The company's stock got two downgrades in a week, first from Barclays, and then from Piper Sandler.
Barclays analysts, led by Tim Long, lowered their rating from equal weight to underweight, adjusting their price target on the stock from $161 to $160. The analysts' note cited "lackluster" sales of the iPhone 15 in China, one of Apple's largest markets, as well as "a lack of bounce-back in Macs, iPads and wearables."
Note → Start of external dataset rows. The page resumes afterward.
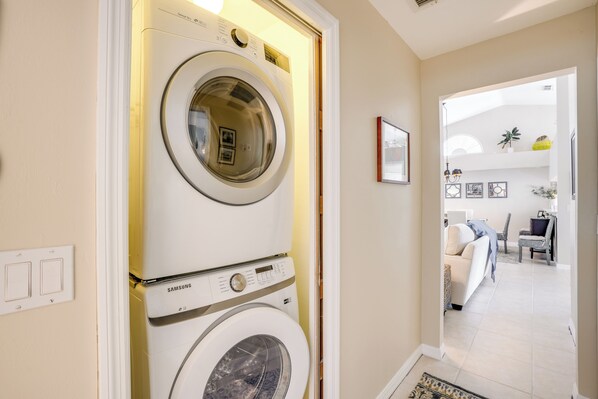 Une buanderie équipée d’un lave-linge et d’un sèche-linge Samsung, et une porte donnant sur un espace de vie comprenant un canapé et une table à manger.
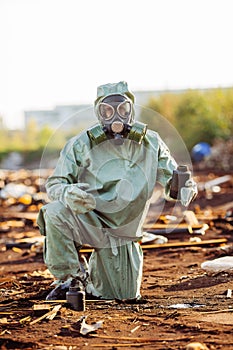 Man with gas mask and green military clothes explores barrels af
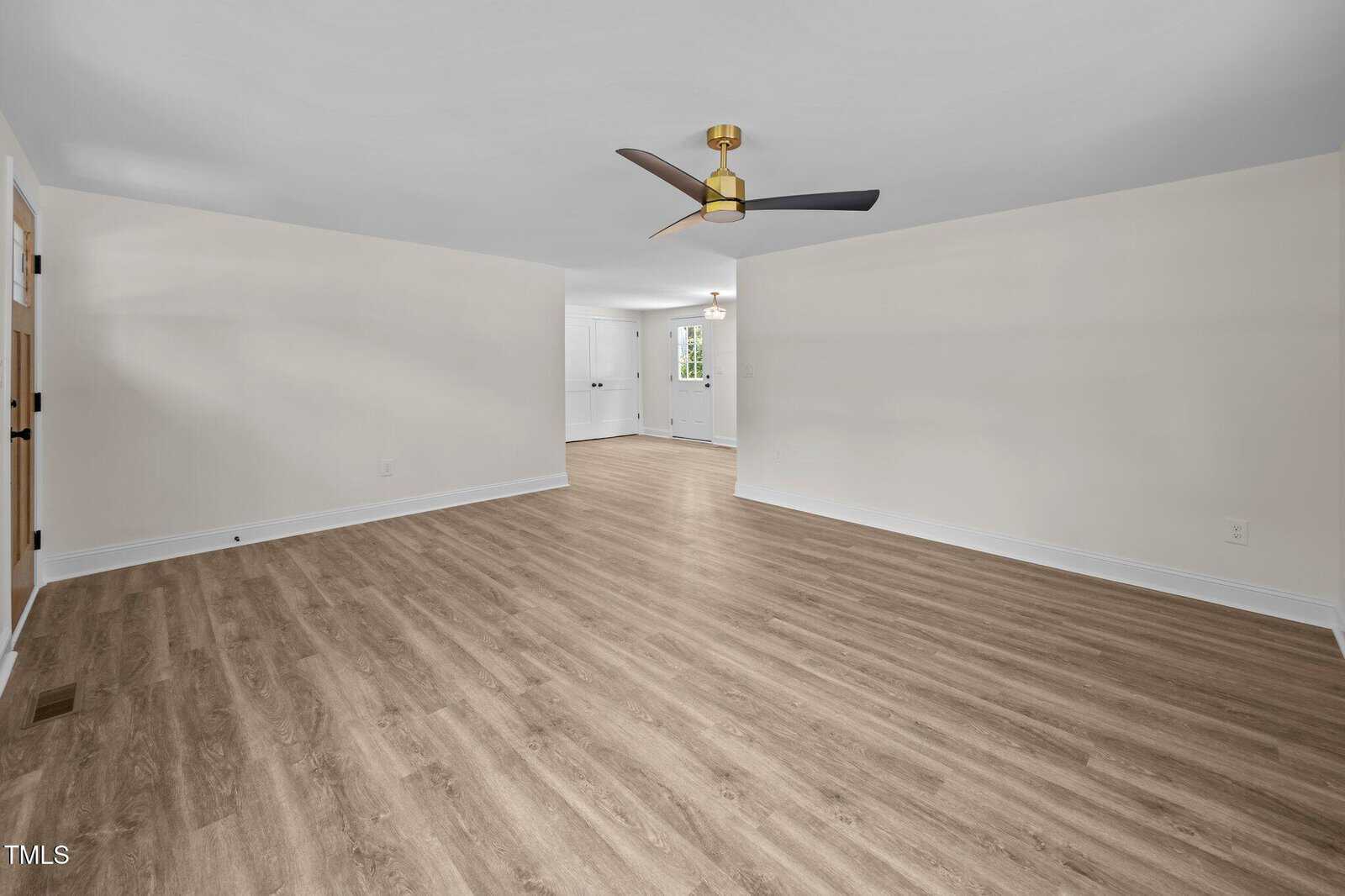 A spacious, empty room with light wood flooring, cream-colored walls, a modern black and gold ceiling fan, and an open layout leading to another area with white cabinetry and a door.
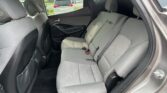 Rear interior of a modern SUV showing the back seat with grey fabric upholstery and seat belts fastened.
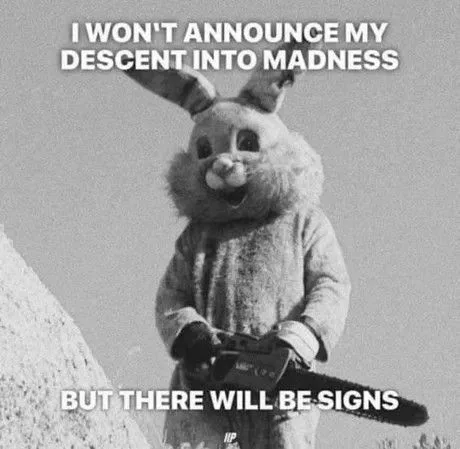 A black-and-white image shows a person in a full bunny costume holding a chainsaw, standing on a snowy slope. The text…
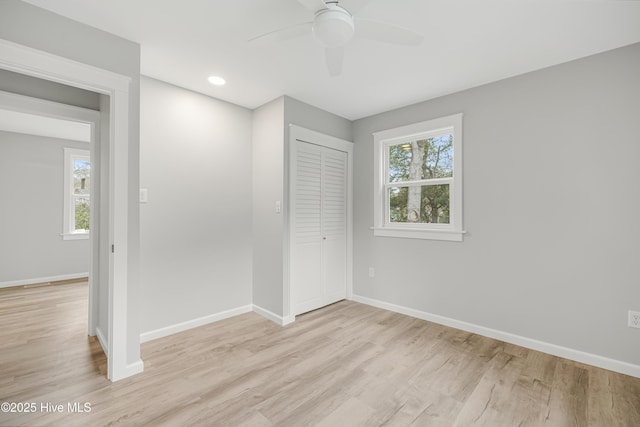 unfurnished bedroom with ceiling fan, a closet, multiple windows, and light wood-type flooring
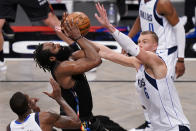 Brooklyn Nets guard James Harden, center left, shoots against Dallas Mavericks center Kristaps Porzingis (6) during the second half of an NBA basketball game Saturday, Feb. 27, 2021, in New York. (AP Photo/John Minchillo)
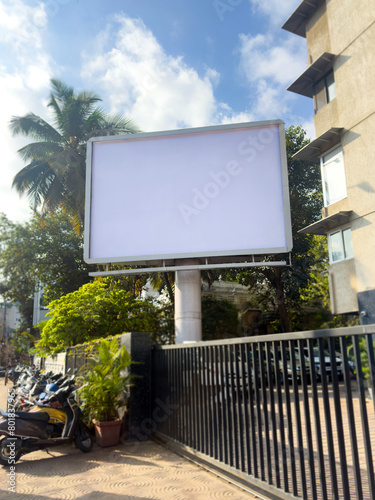 Ooh Billboard mockup outdoors. An empty outdoor at residential places for presentation. hoarding in front of building. Blank commercial mock-up, poster, banner, dummy placement for ads, branding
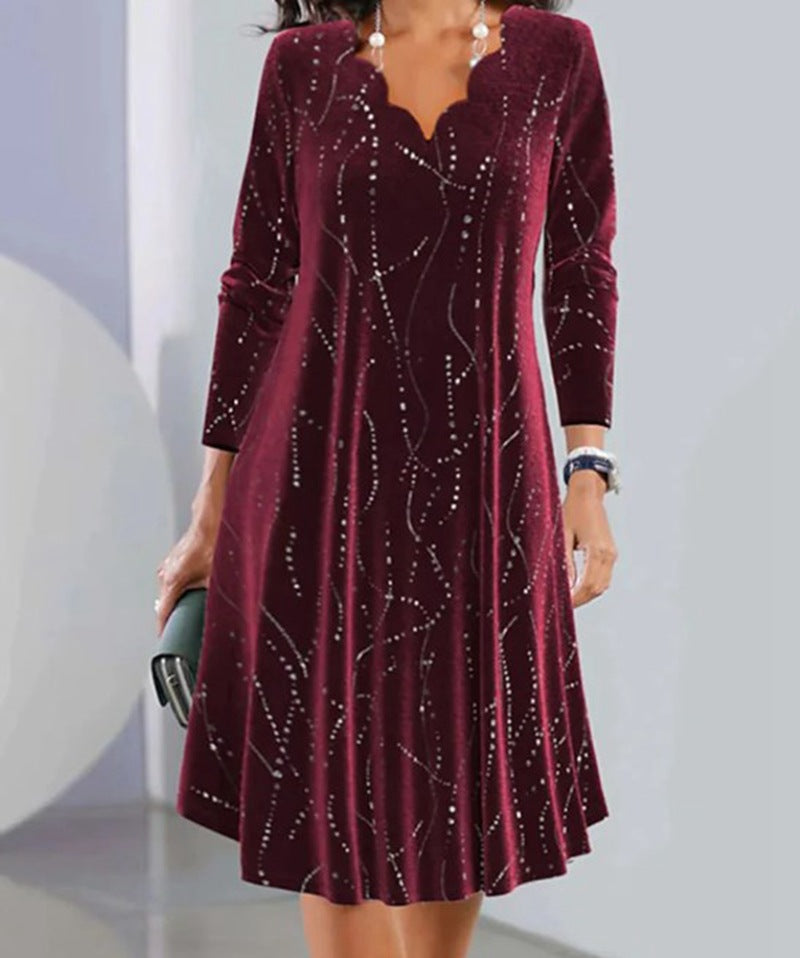 Women's satin A-line dress with curved neckline and rhinestone embellishment StylebySassy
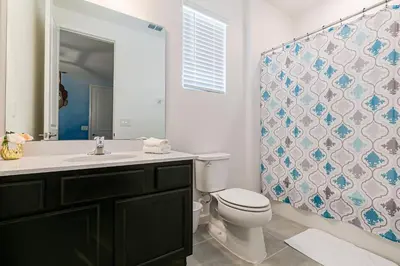a bathroom with a toilet and a sink and a mirror at 2476 SHANTI DRIVE 12BED in Kissimmee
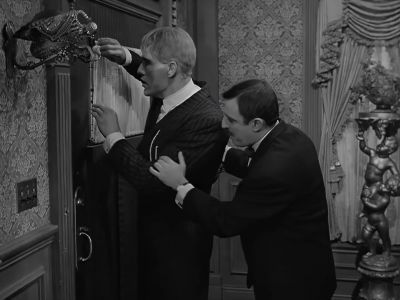 - It's Mama.
- All right. - The Addams Family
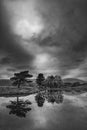 Stunning landscape image of dramatic storm clouds over Kelly Hall Tarn in Lake District during late Autumn Fall afternoon Royalty Free Stock Photo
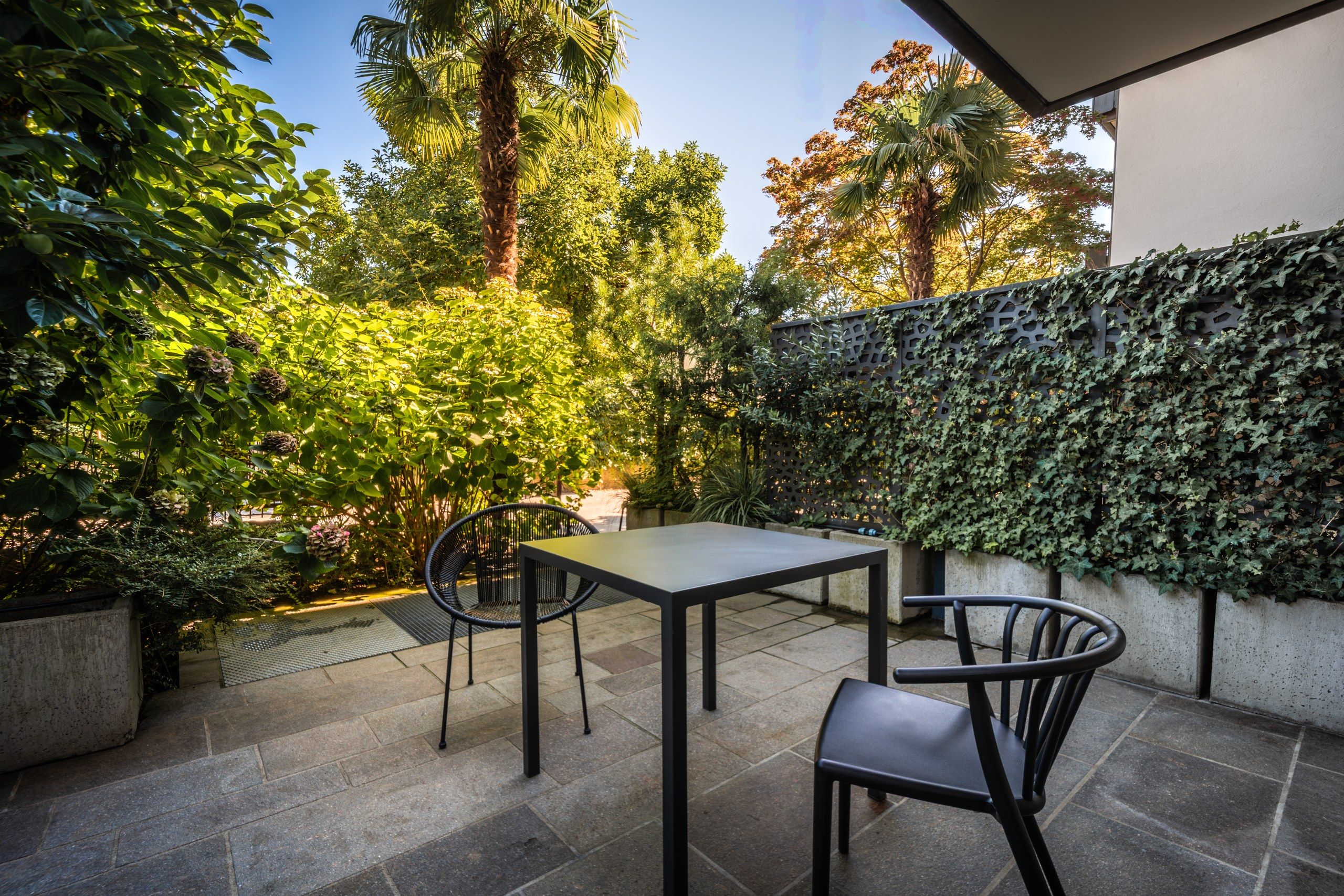 Un patio exterior con mesa y sillas, rodeado de abundante vegetación y un muro decorativo.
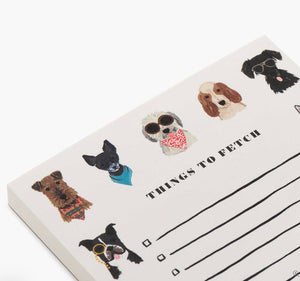 The Dog Days Notepad by Rifle Paper Co. features "THINGS TO FETCH" and cute dogs in sunglasses and bandanas, offering convenient tear-off sheets for jotting daily to-do lists.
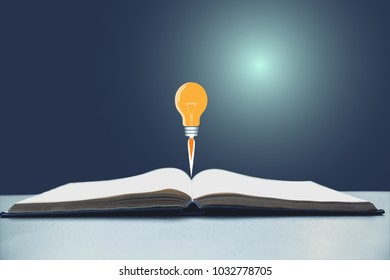 Open Book With Light Bulb Launch. Book Open On Desk.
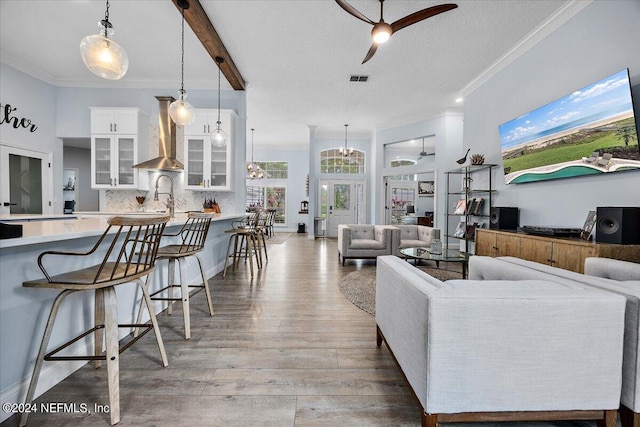 living room featuring a textured ceiling, hardwood / wood-style flooring, sink, ornamental molding, and ceiling fan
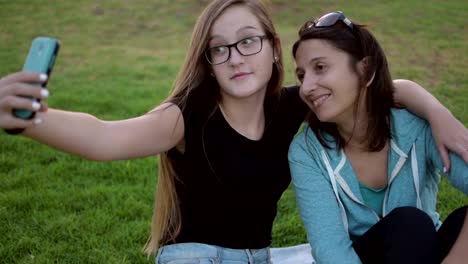 Teenage-girl-with-her-mother-taking-self-ie-in-the-park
Piper Sandler analysts, led by Harsh Kumar, lowered their rating from overweight to neutral, cutting their price target from $220 to $205. Kumar wrote that they're concerned about handset inventories in the first half of the year and believe the growth rate for unit sales has peaked, Reuters reported. The analysts also cited the "deteriorating macro environment in China," according to Reuters.
Apple closed at $181.91 on Thursday, a drop of 1.27%. Over the past five days, Apple's stock is down more than 6% — putting in a worse performance than the broader market over the same time period; it's down only 2%.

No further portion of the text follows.